In affected members of the patients reported by de la Chapelle et al. (1972), Bonafe et al. (2008) identified a homozygous mutation in the SLC26A2 gene (606718.0013). The findings confirmed that de la Chapelle dysplasia is allelic to other SLC26A2 disorders.

Genotype/Phenotype Correlations

In a Mexican girl with diastrophic dysplasia presenting some unusual clinical and radiographic features that are usually observed in atelosteogenesis type II, Macias-Gomez et al. (2004) identified compound heterozygosity for the R279W (606718.0002) and R178X (606718.0005) mutations in the SLC26A2 gene. The patient had cystic swelling of the external ears, cervical kyphosis, rhizomelia, 'hitchhiker' thumbs, bilateral talipes equinovarus, and short toes, features highly suggestive of diastrophic dysplasia.

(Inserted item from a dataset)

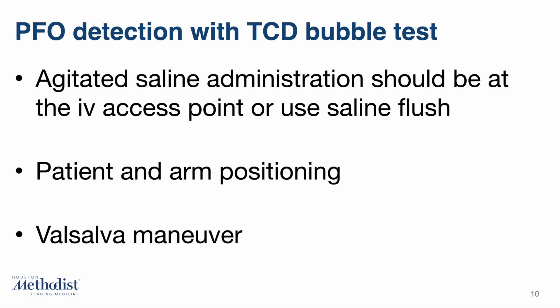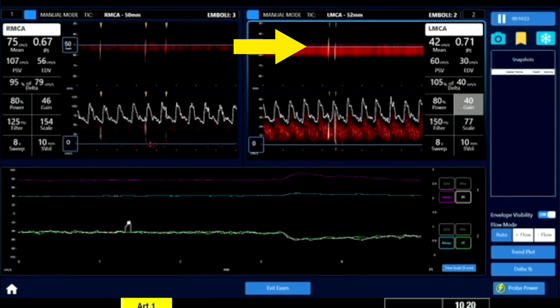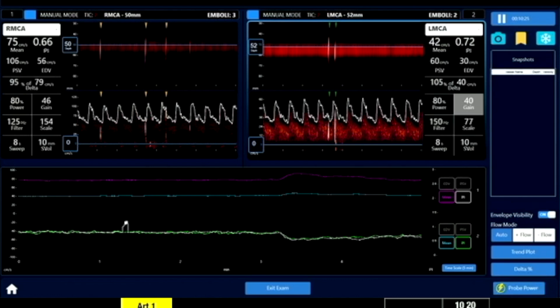Lastly, Valsalva maneuver with the respirator could not be performed because the patient had spontaneous respiration after the induction of anesthesia. Note, however, that the TCD bubble test was still sensitive enough to detect the PFO.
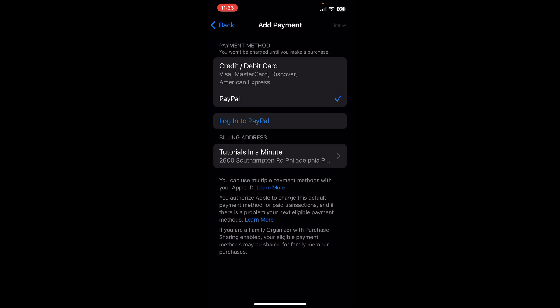You'll simply select 'add payment,' choose PayPal, and then log into your PayPal account - that's all. Now if you go to Crunchyroll on your mobile phone and try to pay for your subscription, you're going to use your PayPal account.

However, she also displayed severe and progressive cervical kyphosis, V-shaped distal humerus, bowed radii, horizontal sacrum, and gap between the first and second toes, features typical of atelosteogenesis type II. Macias-Gomez et al. (2004) concluded that the combination of a mild and a severe mutation led to an intermediate clinical picture, representing an apparent genotype-phenotype correlation.

Nomenclature

Stern et al. (1990) suggested that what has been called atelosteogenesis type II (Sillence et al., 1987) was in fact de la Chapelle dysplasia. They suggested that the term atelosteogenesis type II be discarded, but proposed the term atelosteogenesis III for a distinct condition (AO3; 108721). Superti-Furga et al. (1996) stated that it was 'still unclear' whether de la Chapelle dysplasia was identical to atelosteogenesis type II.